Elena Gallo is working to shed light on the nature of low-luminosity, supermassive black holes in the nearby universe. Using a comprehensive sample of some 200 galaxies from the AMUSE surveys, she plans to fill in much-needed information on their role in galaxy evolution. By looking at black holes with a range of masses, luminosities, and colors in a variety of settings (dense clusters vs. field galaxies), she is hoping to address a number of fundamental questions: What is the luminosity distribution of black holes in nearby galaxies? How do they evolve from high- to low-luminosity? What proportion and types of galaxies have them? How are they affected by galaxy mergers? How do they affect their surroundings? This work complements her ongoing research on jets from nearby stellar-mass black holes.

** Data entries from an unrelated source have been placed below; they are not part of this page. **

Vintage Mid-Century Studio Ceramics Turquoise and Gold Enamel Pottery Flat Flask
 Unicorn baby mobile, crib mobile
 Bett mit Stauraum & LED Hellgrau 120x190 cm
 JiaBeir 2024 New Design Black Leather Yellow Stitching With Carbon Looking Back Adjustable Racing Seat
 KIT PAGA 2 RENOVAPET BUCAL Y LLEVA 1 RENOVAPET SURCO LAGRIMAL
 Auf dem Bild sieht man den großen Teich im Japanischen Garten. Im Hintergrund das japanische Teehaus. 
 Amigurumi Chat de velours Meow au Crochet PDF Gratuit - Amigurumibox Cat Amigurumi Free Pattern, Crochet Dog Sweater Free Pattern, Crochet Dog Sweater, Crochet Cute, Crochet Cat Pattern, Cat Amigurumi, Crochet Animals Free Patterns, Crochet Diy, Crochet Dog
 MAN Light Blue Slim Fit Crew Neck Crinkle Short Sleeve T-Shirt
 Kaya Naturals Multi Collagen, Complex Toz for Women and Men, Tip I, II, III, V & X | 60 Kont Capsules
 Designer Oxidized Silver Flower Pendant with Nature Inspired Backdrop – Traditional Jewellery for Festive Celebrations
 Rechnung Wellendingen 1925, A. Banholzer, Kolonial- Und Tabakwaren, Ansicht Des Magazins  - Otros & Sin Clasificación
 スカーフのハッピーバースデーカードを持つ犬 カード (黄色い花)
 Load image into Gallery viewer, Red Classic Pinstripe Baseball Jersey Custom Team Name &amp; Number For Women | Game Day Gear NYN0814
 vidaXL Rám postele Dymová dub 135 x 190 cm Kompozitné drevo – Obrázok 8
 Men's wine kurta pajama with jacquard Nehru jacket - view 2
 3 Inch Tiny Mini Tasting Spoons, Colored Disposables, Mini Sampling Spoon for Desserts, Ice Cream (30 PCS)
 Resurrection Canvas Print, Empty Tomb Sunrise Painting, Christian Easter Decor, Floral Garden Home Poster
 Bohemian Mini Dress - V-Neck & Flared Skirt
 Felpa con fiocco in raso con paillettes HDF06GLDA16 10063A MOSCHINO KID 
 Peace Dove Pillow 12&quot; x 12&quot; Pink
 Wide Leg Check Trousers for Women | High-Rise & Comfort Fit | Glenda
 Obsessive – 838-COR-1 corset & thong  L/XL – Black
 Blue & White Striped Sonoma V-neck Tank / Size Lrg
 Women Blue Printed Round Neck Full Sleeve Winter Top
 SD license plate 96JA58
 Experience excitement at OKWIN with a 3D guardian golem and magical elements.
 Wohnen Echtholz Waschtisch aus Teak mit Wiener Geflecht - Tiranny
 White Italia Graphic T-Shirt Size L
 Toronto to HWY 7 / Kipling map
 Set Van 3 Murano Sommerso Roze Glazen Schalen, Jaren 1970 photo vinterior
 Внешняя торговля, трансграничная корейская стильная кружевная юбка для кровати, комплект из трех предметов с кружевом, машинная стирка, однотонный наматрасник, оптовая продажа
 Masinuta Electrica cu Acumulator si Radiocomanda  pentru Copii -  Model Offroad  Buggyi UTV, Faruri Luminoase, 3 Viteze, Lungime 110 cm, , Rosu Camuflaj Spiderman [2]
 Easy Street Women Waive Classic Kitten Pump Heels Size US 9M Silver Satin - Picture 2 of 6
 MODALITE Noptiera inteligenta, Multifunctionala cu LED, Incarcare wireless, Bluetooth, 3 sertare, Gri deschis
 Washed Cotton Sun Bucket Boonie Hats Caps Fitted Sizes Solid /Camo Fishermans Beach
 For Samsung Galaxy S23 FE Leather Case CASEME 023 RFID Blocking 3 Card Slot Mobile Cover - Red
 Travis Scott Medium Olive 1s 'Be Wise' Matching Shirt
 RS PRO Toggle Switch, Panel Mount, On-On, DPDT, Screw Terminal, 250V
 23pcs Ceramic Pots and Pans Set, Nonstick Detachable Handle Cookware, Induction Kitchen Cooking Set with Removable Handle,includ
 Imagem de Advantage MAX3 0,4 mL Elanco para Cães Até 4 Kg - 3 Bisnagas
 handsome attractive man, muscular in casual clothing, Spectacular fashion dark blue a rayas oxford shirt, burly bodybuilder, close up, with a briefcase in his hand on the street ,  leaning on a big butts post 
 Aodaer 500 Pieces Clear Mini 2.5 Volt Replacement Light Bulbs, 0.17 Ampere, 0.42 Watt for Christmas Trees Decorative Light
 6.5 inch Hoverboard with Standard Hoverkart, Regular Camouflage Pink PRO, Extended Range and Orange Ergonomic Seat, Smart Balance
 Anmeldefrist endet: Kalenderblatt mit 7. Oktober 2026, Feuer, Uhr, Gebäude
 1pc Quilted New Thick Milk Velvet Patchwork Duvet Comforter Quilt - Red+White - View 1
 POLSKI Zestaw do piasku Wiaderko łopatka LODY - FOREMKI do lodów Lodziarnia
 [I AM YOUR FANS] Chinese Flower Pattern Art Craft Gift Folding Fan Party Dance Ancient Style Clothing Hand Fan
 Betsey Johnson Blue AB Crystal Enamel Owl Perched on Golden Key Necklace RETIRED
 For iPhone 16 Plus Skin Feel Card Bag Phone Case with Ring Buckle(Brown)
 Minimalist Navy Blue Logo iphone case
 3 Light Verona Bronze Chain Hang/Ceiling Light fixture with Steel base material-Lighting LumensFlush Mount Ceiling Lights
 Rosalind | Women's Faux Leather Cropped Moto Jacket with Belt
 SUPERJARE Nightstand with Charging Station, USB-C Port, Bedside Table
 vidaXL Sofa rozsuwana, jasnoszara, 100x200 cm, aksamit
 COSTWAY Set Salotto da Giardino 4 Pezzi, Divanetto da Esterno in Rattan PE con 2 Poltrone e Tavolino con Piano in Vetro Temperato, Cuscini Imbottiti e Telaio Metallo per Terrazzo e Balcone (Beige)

Gallo published in Nature on the relationship between the energy entering stellar-mass black holes from accretion of gas and the energy flowing out through collimated jets. She demonstrated that energy outflows were comparable to energy inflows, but that much of the outflow was in the form of kinetic energy vs. radiation. This work provided quantitative insight into the nature of black holes’ contribution to local energy budgets.
BS, University of Milan/Italy; PhD, University of Amsterdam/Netherlands; Chandra Fellow, UC/Santa Barbara; Hubble Fellow, MIT Kavli Institute for Astrophysics and Space Research.